NZ/Aotearoa Clinicians get practical about assisting death

15 Sep 2021 5:21 PM | EOLC Admin (Administrator)

Source: NZ Doctor } Rata Aotearoa

Terminal illness likely to end life within six months is one of the criteria – but all must be met for a person’s assisted death to proceed

Cancer teenAt least 99 health professionals want to learn the practical details of helping people to die once it becomes legal in New Zealand from 7 November.

It’s understood approximately 30 people are expected to request assisted dying in the first week of the regime made possible by the End of Life Choice Act 2019.

The 99 practitioners indicating they may play a part, are those who have signed up for two days of training at a Ministry of Health forum later this month. Only those intending to provide assisted dying can attend day two and learn the practicalities.

A further 94 health professionals have registered for the broad-brush introduction on day one, said the ministry in late August.

The workforce forum, on 29 and 30 September in Wellington (COVID-19 permitting, with online options as backup) requires three or four hours’ preparation via online learning.

A statement, provided to New Zealand Doctor Rata Aotearoa by senior media advisor Blair Cunningham, says 2022 individuals and groups have completed the assisted-dying training module at LearnOnline. A total of 2503 have enrolled.

Doctors and nurse practitioners are the clinicians who can provide assisted dying services once the act comes into force. Those who choose to, will be required to complete a set of online learning modules, says the ministry.

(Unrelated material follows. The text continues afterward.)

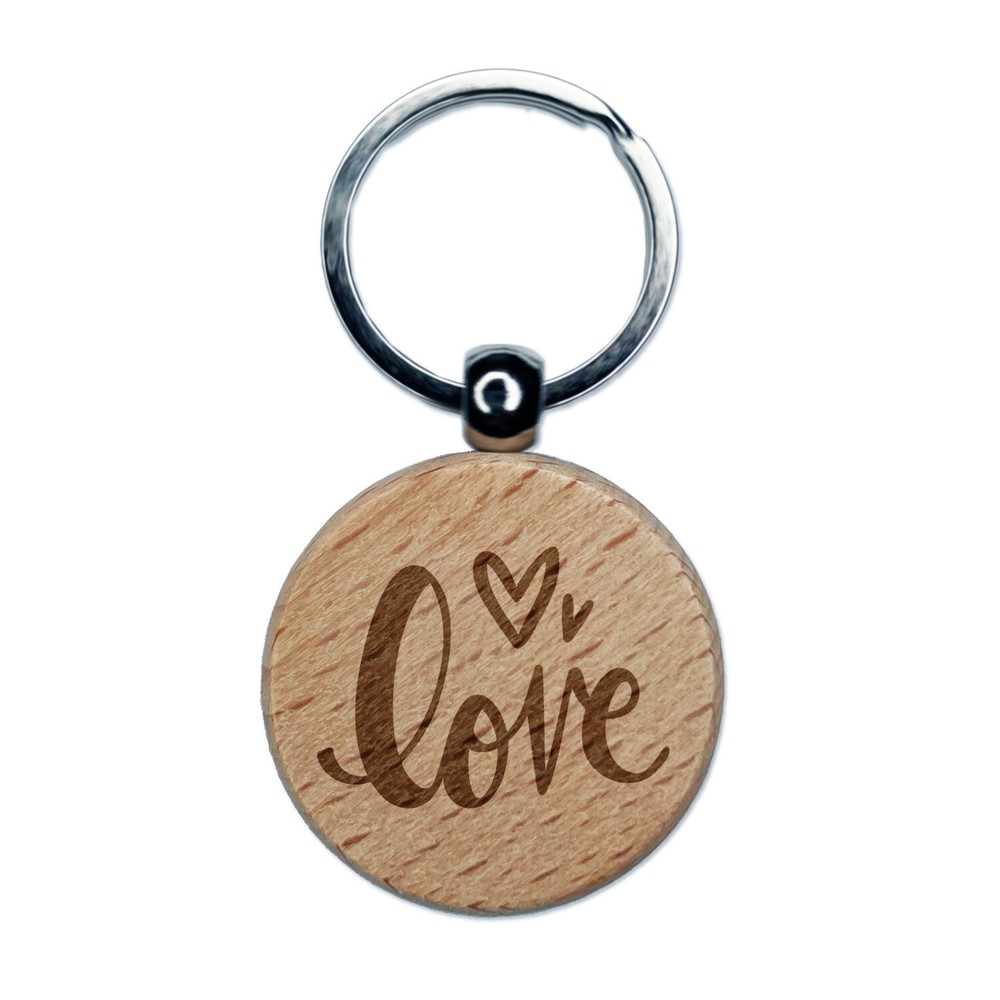 Handwritten Love Script with Hearts Engraved Wood Round Keychain Tag Charm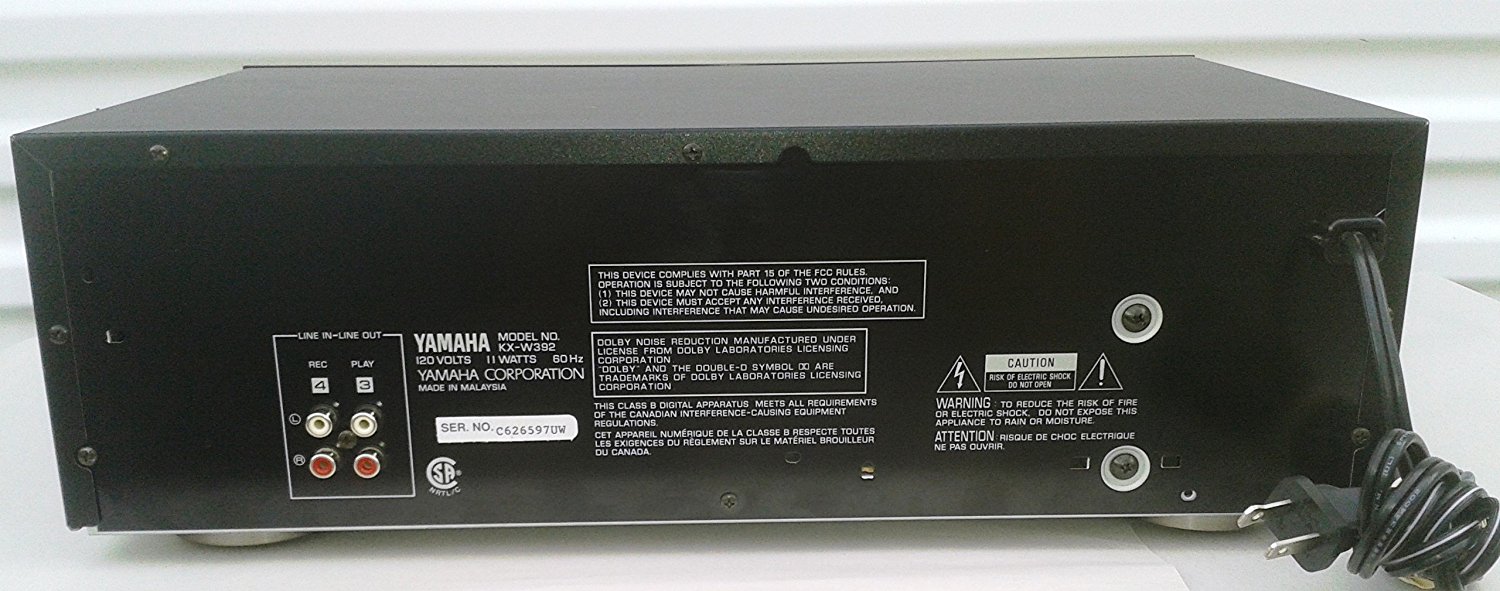 Yamaha KXW392 Recordable Auto Reverse Dual Cassette Tape Deck with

Amid sector doubts about the number of willing medical practitioners, the ministry also last month gave an update on its latest survey of health professionals. However, they were not this time asked whether they anticipated providing assisted dying.

In February, a similar survey prompted 30 per cent of the 1980 respondents to say they would or might provide the service to eligible patients.

The second survey, in July, drew 859 responses. Half of these were interested in further education and training. Twenty-three per cent had done online training and 35 per cent said they had a good understanding of health professionals’ obligations.

More resources and training are in preparation, for example, about the assisted-dying pathway, conversations about assisted dying, policies and procedures, and educating non-clinical and/or non-regulated workers.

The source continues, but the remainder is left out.